ASSIGNED TASK
Set down exactly, from the records below, the line with "mbc EARTHENWARE HEALTHCARE" through the line with "puzzle team concept.", and nothing else.

DATA FOR THIS EXERCISE
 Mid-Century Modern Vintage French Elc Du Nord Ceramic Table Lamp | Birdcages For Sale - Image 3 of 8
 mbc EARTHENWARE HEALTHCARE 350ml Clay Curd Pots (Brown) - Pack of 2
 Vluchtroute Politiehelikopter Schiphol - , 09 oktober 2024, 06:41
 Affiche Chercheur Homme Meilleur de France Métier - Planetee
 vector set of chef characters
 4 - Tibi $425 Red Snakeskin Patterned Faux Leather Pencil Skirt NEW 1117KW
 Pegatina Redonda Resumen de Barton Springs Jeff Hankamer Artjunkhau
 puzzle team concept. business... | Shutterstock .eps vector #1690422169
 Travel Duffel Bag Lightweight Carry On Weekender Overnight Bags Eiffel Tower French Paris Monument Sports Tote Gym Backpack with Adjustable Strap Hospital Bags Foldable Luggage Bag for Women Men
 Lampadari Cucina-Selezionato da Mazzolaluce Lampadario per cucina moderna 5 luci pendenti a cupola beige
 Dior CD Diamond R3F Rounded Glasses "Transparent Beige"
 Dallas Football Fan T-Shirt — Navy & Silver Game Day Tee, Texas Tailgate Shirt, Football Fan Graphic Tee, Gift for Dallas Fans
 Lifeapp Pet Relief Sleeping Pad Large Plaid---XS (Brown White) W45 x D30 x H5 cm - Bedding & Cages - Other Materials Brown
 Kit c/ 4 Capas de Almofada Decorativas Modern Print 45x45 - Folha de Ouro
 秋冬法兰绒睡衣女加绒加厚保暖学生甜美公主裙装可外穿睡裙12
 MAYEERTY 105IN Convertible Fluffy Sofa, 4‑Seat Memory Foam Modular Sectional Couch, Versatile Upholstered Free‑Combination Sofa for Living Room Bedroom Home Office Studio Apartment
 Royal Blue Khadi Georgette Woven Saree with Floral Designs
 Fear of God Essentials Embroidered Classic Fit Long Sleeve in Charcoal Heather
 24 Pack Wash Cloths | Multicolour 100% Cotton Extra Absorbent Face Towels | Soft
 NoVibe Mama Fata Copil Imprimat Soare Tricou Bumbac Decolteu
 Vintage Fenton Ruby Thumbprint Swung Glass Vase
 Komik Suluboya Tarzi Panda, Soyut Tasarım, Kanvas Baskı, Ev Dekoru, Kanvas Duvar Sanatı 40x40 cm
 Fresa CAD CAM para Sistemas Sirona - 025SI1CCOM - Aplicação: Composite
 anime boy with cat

YOUR SOLUTION
 mbc EARTHENWARE HEALTHCARE 350ml Clay Curd Pots (Brown) - Pack of 2
 Vluchtroute Politiehelikopter Schiphol - , 09 oktober 2024, 06:41
 Affiche Chercheur Homme Meilleur de France Métier - Planetee
 vector set of chef characters
 4 - Tibi $425 Red Snakeskin Patterned Faux Leather Pencil Skirt NEW 1117KW
 Pegatina Redonda Resumen de Barton Springs Jeff Hankamer Artjunkhau
 puzzle team concept. business... | Shutterstock .eps vector #1690422169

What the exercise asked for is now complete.